Table 2: Chemical Composition across Joint Interface

[00139] Comparative 3D objects were generated for comparison. Green parts were prepared in the same manner as GP1-GP4, using the copper build material and the binding agent. The green parts were stacked without any Ag ink at the interface, and the stacked parts were exposed to sintering as described herein to form the comparative 3D objects. [00140] A low magnification stereomicrograph cross-section image of the sintered part is shown in Fig. 11 A. Fig. 11 B shows a high magnification optical micrograph of the joint interface between the two copper green parts. The results demonstrate interfacial defects at the joint interface when two copper green parts are directly sintered together.

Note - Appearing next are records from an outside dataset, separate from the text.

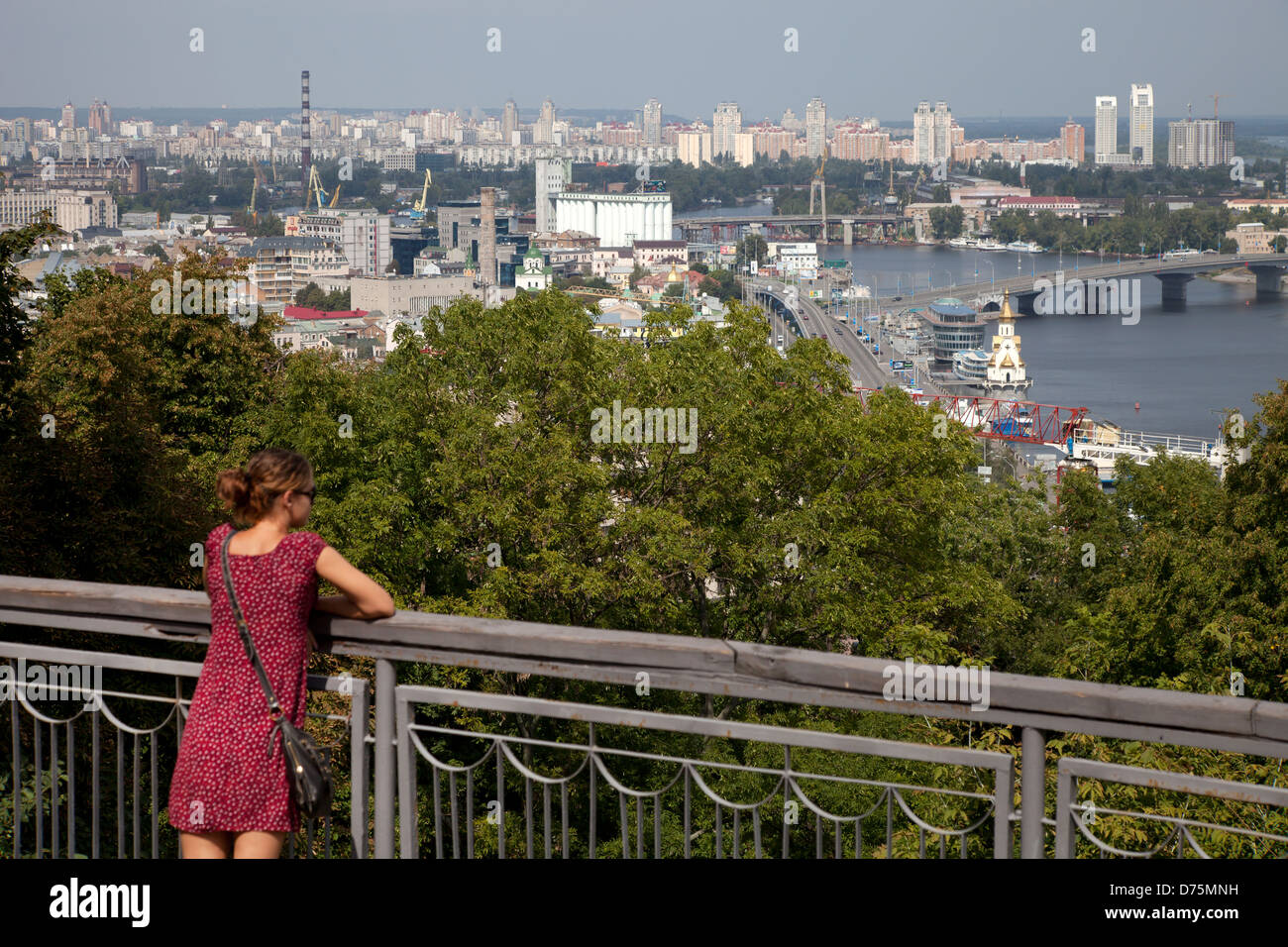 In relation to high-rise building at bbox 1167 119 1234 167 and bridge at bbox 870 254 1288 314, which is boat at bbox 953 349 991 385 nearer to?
bridge at bbox 870 254 1288 314

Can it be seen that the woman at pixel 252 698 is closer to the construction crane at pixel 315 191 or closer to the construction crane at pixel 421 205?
the construction crane at pixel 421 205

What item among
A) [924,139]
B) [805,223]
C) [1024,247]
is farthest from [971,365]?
[924,139]

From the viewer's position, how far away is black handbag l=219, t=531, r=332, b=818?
5.97 feet

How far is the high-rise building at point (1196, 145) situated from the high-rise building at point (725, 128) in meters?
51.6

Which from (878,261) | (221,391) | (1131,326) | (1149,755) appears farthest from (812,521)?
(878,261)

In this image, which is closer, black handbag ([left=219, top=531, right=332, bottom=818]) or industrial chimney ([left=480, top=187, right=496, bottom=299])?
black handbag ([left=219, top=531, right=332, bottom=818])

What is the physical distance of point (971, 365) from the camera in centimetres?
6309

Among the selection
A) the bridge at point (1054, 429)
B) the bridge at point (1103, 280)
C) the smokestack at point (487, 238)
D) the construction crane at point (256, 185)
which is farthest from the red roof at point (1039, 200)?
the bridge at point (1054, 429)

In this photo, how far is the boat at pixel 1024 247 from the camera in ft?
344

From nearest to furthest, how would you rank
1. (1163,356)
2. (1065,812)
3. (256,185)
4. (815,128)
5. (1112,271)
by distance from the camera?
(1065,812) < (1163,356) < (1112,271) < (256,185) < (815,128)

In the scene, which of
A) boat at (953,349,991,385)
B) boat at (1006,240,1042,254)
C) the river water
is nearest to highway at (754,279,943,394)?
boat at (953,349,991,385)

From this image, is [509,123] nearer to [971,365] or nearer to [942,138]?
[942,138]

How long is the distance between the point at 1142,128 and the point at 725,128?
2006 inches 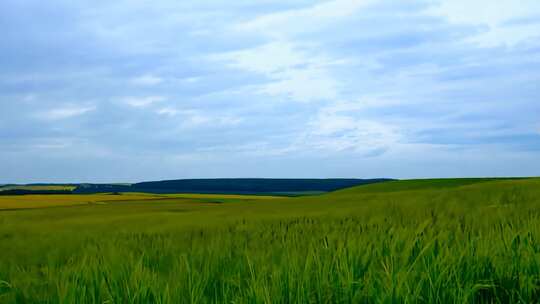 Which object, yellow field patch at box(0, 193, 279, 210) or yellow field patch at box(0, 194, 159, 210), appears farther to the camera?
yellow field patch at box(0, 193, 279, 210)

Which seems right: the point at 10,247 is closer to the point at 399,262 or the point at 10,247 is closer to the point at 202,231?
the point at 202,231

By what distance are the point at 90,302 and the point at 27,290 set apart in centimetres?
77

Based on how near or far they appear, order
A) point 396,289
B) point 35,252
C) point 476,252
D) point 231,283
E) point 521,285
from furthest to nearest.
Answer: point 35,252 → point 476,252 → point 521,285 → point 231,283 → point 396,289

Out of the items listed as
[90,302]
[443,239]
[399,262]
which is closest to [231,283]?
[90,302]

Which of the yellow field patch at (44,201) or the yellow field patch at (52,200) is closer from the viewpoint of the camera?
the yellow field patch at (44,201)

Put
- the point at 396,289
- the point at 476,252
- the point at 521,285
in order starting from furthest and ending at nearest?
the point at 476,252 → the point at 521,285 → the point at 396,289

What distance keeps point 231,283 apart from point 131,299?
74 centimetres

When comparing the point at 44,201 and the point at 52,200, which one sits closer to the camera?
the point at 44,201

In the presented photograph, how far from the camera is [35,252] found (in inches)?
300

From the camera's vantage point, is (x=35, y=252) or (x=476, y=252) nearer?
(x=476, y=252)

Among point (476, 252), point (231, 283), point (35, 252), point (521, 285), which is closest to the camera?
point (231, 283)

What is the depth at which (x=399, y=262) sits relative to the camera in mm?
4297

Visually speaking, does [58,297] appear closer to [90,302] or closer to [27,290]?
[90,302]

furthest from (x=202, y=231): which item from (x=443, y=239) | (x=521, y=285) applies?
(x=521, y=285) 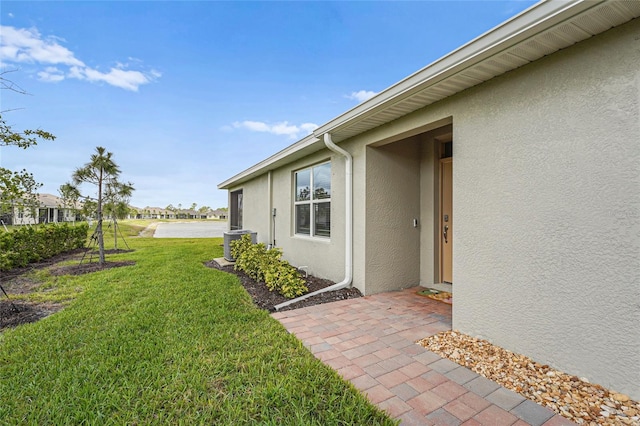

[00141] It is to be understood that the ranges provided herein include the stated range and any value or sub-range within the stated range, as if such values or subranges were explicitly recited. For example, from about 20 wt% active to about 70 wt% active should be interpreted to include not only the explicitly recited limits of from about 20 wt% active to about 70 wt% active, but also to include individual values, such as about 25 wt% active, 63 wt% active, etc., and sub-ranges, such as from about 30 wt% active to about 60 wt% active, from about 22 wt% active to about 68 wt% active, etc. Furthermore, the term “about” as used herein in reference to a numerical value or range, allows for a degree of variability in the value or range, for example, within 10%, or, in one aspect within 5%, of a stated value or of a stated limit of a range.

[00142] Reference throughout the specification to “one example”, “another example”, “an example”, and so forth, means that a particular element (e.g., feature, structure, and/or characteristic) described in connection with the example is included in at least one example described herein, and may or may not be present in other examples. In addition, it is to be understood that the described elements for any example may be combined in any suitable manner in the various examples unless the context clearly dictates otherwise.

[00143] It is noted that, as used in this specification and the appended claims, the singular forms “a,” “an,” and “the” include plural referents unless the content clearly dictates otherwise.

[00144] While several examples have been described in detail, it is to be understood that the disclosed examples may be modified. Therefore, the foregoing description is to be considered non-limiting.